■ Task objective
Exactly as they appear, restate the lines of the material, from the first through the one containing "usato FIAT Panda".

• • • • •

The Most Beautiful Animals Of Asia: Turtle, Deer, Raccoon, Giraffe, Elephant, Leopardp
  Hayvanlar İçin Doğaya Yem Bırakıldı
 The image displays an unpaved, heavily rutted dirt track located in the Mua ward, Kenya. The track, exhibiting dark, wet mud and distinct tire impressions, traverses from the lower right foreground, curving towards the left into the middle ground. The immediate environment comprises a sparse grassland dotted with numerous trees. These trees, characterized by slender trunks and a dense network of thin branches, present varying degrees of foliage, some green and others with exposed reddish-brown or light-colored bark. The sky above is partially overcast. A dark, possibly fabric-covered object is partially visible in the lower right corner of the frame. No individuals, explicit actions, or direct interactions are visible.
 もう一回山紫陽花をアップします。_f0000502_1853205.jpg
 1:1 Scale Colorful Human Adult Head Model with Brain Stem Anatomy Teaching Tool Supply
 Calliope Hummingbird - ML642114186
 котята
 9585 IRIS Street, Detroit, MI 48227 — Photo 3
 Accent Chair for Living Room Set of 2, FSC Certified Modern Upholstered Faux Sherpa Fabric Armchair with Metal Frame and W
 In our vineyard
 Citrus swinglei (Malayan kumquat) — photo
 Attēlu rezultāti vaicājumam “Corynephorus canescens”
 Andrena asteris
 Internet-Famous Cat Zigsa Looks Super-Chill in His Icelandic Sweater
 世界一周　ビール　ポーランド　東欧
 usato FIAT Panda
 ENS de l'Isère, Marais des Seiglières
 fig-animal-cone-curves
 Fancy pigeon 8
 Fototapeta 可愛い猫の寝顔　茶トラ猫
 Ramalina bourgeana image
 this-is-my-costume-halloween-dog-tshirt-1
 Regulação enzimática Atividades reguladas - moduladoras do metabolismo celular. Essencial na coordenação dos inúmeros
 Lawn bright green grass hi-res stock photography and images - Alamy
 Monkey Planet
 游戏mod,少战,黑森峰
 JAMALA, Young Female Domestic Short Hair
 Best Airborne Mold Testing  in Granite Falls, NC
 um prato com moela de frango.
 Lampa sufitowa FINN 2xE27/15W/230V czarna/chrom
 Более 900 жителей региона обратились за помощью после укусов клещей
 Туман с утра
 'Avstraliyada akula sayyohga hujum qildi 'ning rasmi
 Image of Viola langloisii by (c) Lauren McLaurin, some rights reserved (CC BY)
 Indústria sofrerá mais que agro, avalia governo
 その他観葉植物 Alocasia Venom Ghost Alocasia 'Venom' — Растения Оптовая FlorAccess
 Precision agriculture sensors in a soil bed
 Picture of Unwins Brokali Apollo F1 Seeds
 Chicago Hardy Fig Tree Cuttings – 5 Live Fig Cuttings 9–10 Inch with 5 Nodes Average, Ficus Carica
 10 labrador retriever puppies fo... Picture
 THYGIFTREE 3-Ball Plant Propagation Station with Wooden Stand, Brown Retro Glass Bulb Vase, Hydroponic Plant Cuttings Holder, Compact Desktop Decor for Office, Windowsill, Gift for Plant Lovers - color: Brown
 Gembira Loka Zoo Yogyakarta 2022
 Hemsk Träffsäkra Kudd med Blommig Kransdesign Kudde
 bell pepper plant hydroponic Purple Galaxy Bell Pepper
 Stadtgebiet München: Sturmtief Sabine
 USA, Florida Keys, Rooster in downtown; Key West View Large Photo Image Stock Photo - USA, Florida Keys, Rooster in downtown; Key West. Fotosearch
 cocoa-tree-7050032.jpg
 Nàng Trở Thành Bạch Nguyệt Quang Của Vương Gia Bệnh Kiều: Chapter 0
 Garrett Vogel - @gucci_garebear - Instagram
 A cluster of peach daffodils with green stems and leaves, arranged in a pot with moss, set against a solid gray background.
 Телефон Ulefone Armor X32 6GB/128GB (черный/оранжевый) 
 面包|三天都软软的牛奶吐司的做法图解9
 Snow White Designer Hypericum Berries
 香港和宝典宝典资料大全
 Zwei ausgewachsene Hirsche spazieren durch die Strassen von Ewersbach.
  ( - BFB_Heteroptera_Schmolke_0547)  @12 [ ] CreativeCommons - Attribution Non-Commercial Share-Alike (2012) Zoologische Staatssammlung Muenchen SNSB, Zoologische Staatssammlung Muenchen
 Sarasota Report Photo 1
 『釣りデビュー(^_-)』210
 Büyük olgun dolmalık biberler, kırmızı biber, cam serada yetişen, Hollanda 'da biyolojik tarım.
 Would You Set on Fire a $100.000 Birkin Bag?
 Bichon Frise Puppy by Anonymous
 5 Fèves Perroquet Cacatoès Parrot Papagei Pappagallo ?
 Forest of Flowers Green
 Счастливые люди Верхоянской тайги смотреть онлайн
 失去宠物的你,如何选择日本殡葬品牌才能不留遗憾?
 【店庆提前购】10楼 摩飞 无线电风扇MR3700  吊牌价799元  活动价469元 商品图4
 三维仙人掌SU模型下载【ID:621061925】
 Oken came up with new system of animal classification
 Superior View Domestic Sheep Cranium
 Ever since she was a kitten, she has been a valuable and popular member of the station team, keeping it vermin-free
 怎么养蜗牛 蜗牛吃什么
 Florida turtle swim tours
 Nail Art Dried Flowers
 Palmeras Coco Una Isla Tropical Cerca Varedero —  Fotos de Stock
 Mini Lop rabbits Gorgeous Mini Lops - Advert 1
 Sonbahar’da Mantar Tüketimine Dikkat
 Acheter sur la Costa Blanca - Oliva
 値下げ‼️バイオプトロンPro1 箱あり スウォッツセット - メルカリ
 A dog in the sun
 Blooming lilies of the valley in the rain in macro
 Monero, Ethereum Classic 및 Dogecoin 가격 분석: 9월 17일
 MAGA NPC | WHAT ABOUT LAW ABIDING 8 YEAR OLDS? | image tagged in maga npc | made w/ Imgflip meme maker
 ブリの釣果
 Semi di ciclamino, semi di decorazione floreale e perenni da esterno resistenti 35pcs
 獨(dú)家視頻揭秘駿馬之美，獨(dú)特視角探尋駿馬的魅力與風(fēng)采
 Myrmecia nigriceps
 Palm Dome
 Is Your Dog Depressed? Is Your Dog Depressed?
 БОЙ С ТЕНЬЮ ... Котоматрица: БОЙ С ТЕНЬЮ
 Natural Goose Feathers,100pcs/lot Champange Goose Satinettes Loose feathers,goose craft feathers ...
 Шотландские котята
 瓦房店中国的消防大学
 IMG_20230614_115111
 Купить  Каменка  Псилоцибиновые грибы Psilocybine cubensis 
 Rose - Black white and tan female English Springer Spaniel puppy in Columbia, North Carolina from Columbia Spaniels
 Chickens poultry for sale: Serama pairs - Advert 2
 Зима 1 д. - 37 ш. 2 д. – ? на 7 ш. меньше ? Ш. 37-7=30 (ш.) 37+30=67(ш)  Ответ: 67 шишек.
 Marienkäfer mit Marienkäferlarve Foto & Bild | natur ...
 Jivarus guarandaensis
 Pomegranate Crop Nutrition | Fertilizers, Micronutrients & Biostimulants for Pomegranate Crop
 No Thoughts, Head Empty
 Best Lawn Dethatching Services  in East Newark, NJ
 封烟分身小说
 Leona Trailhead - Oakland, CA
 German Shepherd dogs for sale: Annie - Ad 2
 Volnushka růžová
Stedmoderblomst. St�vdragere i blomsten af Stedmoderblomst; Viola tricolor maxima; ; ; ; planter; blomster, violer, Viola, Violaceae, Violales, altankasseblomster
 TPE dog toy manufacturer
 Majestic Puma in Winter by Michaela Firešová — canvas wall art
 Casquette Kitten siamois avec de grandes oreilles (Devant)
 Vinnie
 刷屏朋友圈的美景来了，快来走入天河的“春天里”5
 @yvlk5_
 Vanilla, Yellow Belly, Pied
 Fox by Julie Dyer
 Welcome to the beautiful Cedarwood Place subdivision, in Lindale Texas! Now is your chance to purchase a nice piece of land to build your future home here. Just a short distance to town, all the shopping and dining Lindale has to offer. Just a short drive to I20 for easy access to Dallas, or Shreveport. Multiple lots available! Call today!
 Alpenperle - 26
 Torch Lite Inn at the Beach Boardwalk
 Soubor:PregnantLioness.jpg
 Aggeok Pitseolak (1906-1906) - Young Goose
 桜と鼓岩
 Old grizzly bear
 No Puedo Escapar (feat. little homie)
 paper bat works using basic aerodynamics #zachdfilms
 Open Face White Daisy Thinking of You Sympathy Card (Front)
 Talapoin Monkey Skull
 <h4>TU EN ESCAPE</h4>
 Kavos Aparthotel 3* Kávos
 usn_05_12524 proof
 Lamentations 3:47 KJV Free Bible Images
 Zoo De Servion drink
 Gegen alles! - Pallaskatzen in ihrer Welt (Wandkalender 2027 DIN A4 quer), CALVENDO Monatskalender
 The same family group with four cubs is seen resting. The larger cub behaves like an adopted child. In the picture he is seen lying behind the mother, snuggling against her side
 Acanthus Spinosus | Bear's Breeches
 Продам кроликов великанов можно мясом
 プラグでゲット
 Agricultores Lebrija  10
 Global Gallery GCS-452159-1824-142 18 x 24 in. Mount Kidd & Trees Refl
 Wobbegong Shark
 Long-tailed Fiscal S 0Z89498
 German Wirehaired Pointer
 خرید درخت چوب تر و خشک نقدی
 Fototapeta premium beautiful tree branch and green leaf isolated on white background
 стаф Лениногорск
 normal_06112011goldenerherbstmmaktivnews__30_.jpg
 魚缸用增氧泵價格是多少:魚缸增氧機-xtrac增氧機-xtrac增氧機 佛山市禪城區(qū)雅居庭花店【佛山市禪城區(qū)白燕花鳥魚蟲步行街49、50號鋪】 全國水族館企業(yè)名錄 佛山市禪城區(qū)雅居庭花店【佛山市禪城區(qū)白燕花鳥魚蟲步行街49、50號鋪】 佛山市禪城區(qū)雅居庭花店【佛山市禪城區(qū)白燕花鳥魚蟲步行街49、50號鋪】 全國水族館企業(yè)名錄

• • • • •

■ Answer below
The Most Beautiful Animals Of Asia: Turtle, Deer, Raccoon, Giraffe, Elephant, Leopardp
  Hayvanlar İçin Doğaya Yem Bırakıldı
 The image displays an unpaved, heavily rutted dirt track located in the Mua ward, Kenya. The track, exhibiting dark, wet mud and distinct tire impressions, traverses from the lower right foreground, curving towards the left into the middle ground. The immediate environment comprises a sparse grassland dotted with numerous trees. These trees, characterized by slender trunks and a dense network of thin branches, present varying degrees of foliage, some green and others with exposed reddish-brown or light-colored bark. The sky above is partially overcast. A dark, possibly fabric-covered object is partially visible in the lower right corner of the frame. No individuals, explicit actions, or direct interactions are visible.
 もう一回山紫陽花をアップします。_f0000502_1853205.jpg
 1:1 Scale Colorful Human Adult Head Model with Brain Stem Anatomy Teaching Tool Supply
 Calliope Hummingbird - ML642114186
 котята
 9585 IRIS Street, Detroit, MI 48227 — Photo 3
 Accent Chair for Living Room Set of 2, FSC Certified Modern Upholstered Faux Sherpa Fabric Armchair with Metal Frame and W
 In our vineyard
 Citrus swinglei (Malayan kumquat) — photo
 Attēlu rezultāti vaicājumam “Corynephorus canescens”
 Andrena asteris
 Internet-Famous Cat Zigsa Looks Super-Chill in His Icelandic Sweater
 世界一周　ビール　ポーランド　東欧
 usato FIAT Panda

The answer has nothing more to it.